The Policy Statement is a one page document that is essentially a summary of your knowledge of the topic and the position your country plans to take when it enters the committee.

It typically contains four sections: Background of Topic, Past International Actions, Country Policy, and Possible Solutions. Position Paper is due before the conference.

The Opening Speech typically lasts up to 2 minutes and is the first speech you give to the committee. It is the opportunity to explain country policy and the key issues you would like the committee to focus on. Use your Position Paper as a guide when you are starting out.

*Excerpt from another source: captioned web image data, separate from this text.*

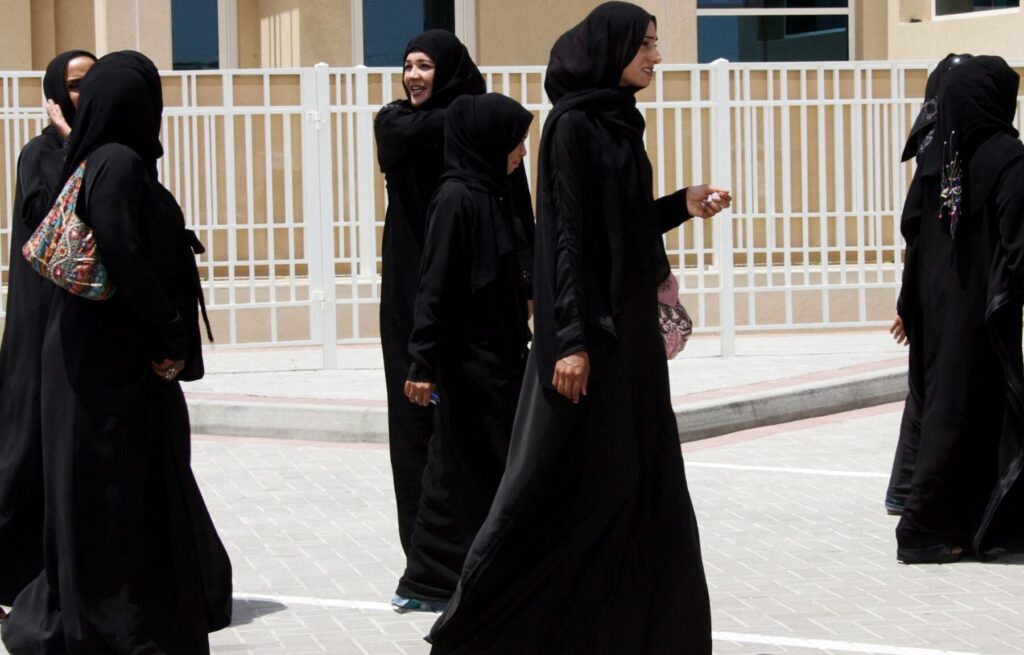Est-ce que l&rsquo;abaya est un vêtement religieux ?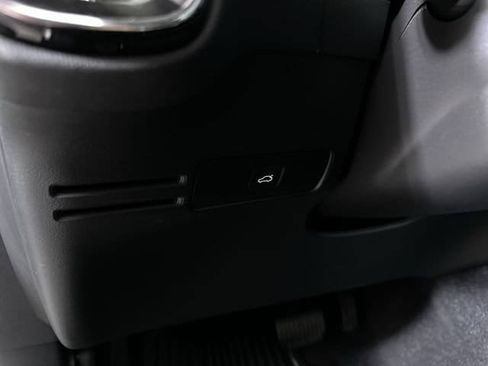Used 2023 Volvo XC40 B5 Plus AWD/4WD image 18
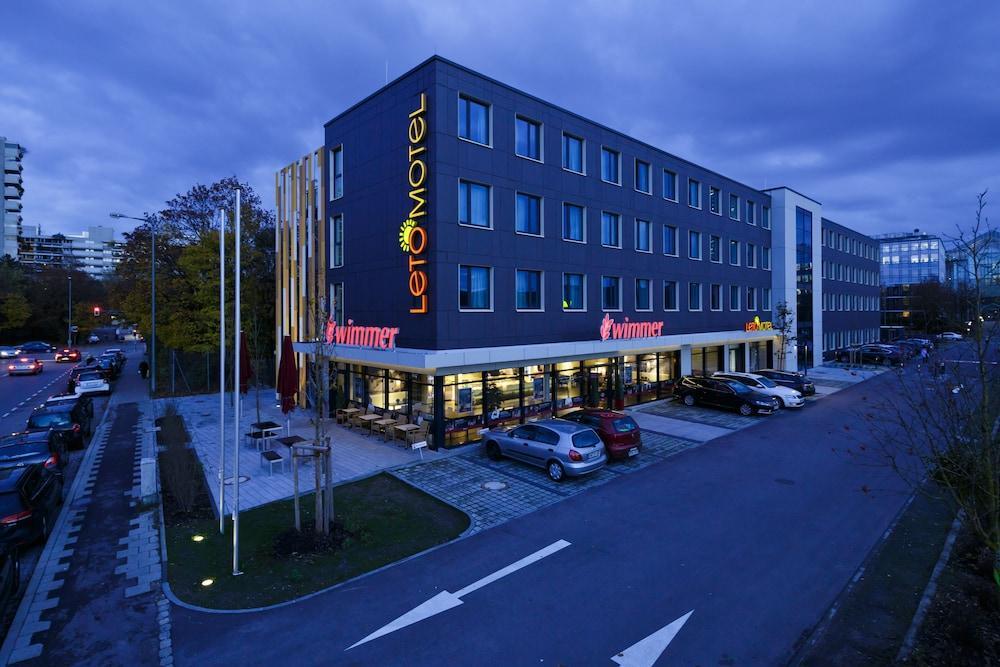 B&B Hotel Muenchen-Olympiapark Exterior foto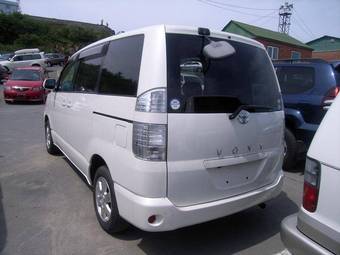 2005 Toyota Voxy Photos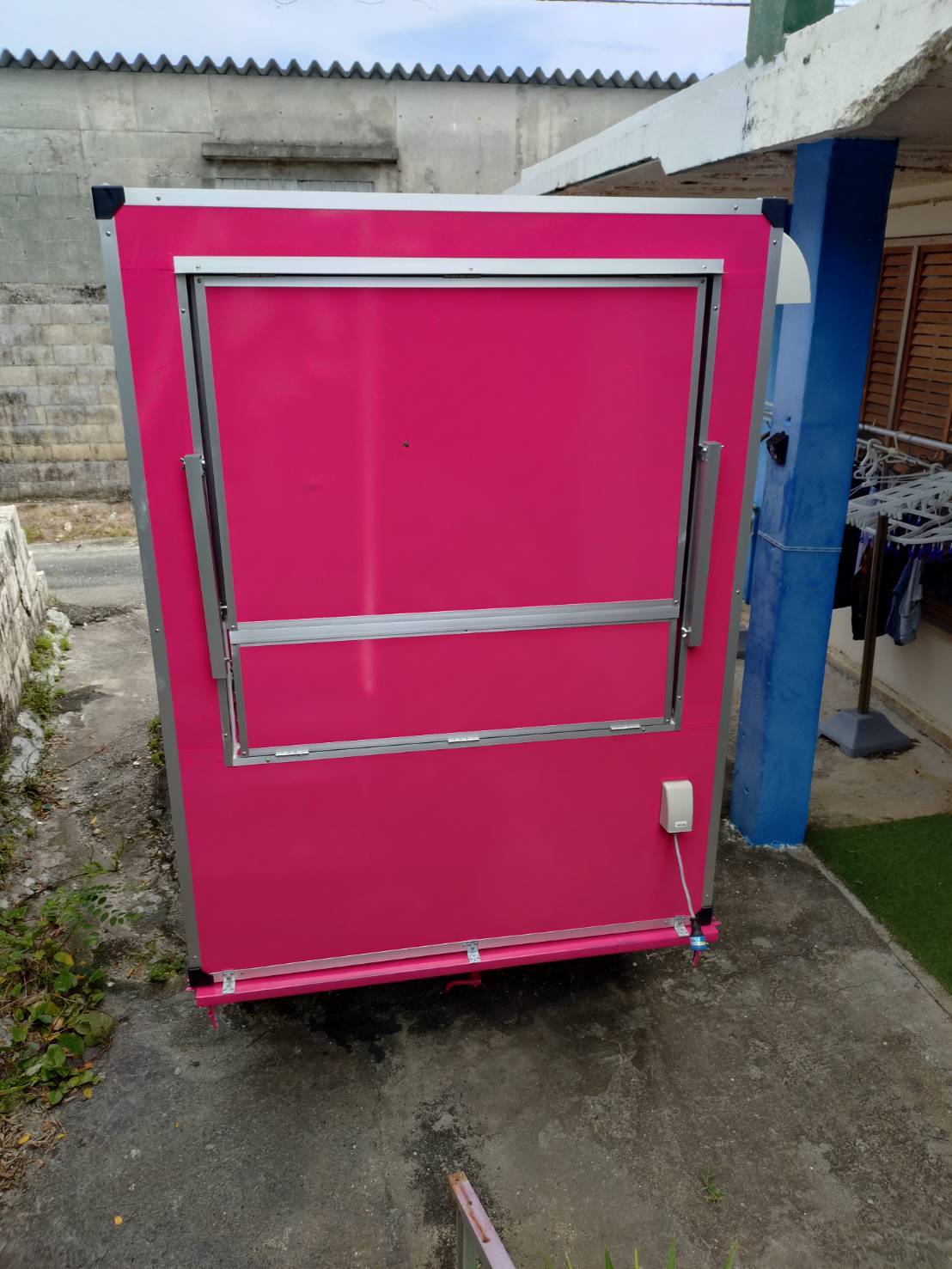 荷台が厨房になっているPink 8ightの軽トラック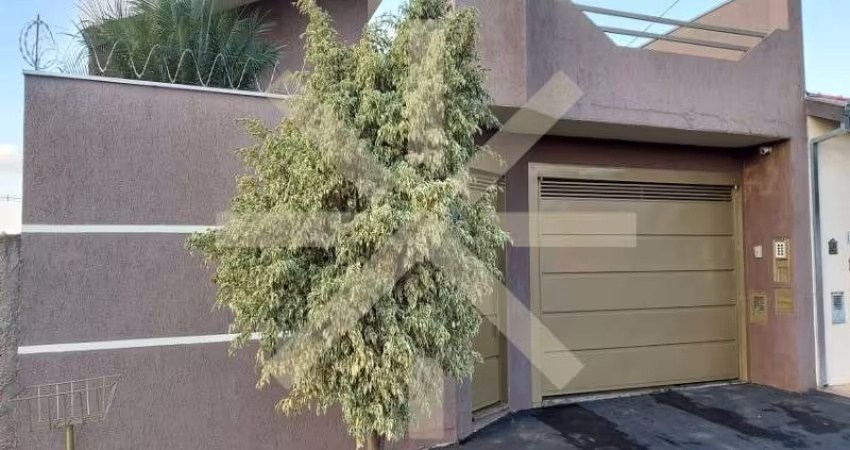 Casa para venda em Jardim Embaré de 250.00m² com 2 Quartos, 1 Suite e 2 Garagens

You are expected to write a document called a Resolution in committee along with other countries you will be working with. It is crucial to know the resolution format and phrases, because BratMUN does not allow pre-written resolutions since we want the delegations to collaborate together during committee.

The preamble of a draft resolution states the reasons for which the committee is addressing the topic and highlights past international action on the issue. Each clause begins with a present participle (called a preambulatory phrase) and ends with a comma. Preambulatory clauses can include:

  • References to the UN Charter
  • Citations of past UN resolutions or treaties on the topic under discussion
  • Mentions of statements made by the Secretary-General or a relevant UN body or agency
  • Recognition of the efforts of regional or nongovernmental organizations in dealing with the issue
  • General statements on the topic, its significance and its impact

Operative clauses offer solutions to issues addressed earlier in a resolution through the perambulatory section. These clauses are action oriented and should include both an underlined verb at the beginning of your sentence followed by the proposed solution. Each clause should follow the following principals:

  • Clause should be numbered
  • Each clause should support one another and continue to build your solution
  • Add details to your clauses in order to have a complete solution
  • Operative clauses are punctuated by a semicolon, with the exception of your last operative clause which should end with a period

Key Starting Points

Background of topic


Background guide of the topic is provided by the Chairperson (Study Guide)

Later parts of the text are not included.